- [Work instruction]: This exercise calls for the line with "Una figura de", the line with "676980179: Chica busca chico en Sevilla", and all lines between them in the material below, output exactly and with no other lines.

- [Extracted entries]:
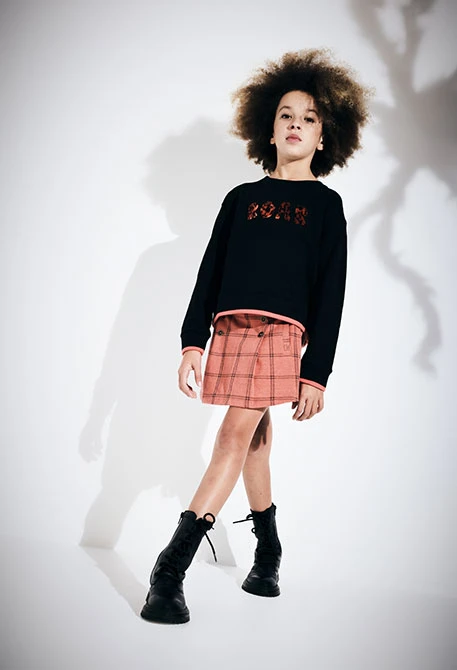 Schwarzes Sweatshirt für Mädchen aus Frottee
* * *
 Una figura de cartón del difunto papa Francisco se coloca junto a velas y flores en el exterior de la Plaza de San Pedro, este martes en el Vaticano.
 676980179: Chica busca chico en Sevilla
...
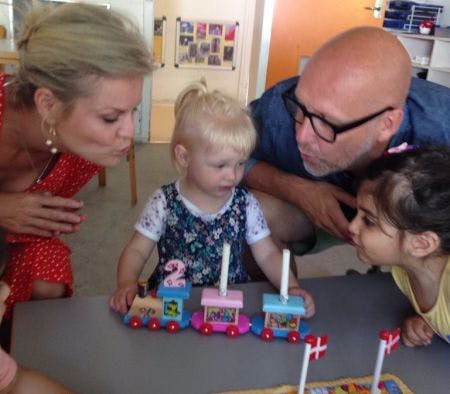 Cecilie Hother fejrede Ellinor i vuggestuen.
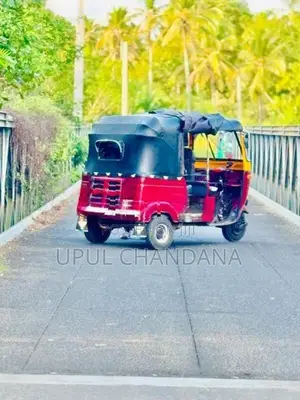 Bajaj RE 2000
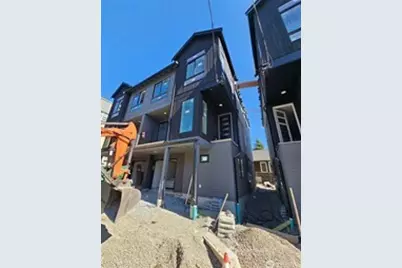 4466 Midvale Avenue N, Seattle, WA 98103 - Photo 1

- [Reply]:
 Una figura de cartón del difunto papa Francisco se coloca junto a velas y flores en el exterior de la Plaza de San Pedro, este martes en el Vaticano.
 676980179: Chica busca chico en Sevilla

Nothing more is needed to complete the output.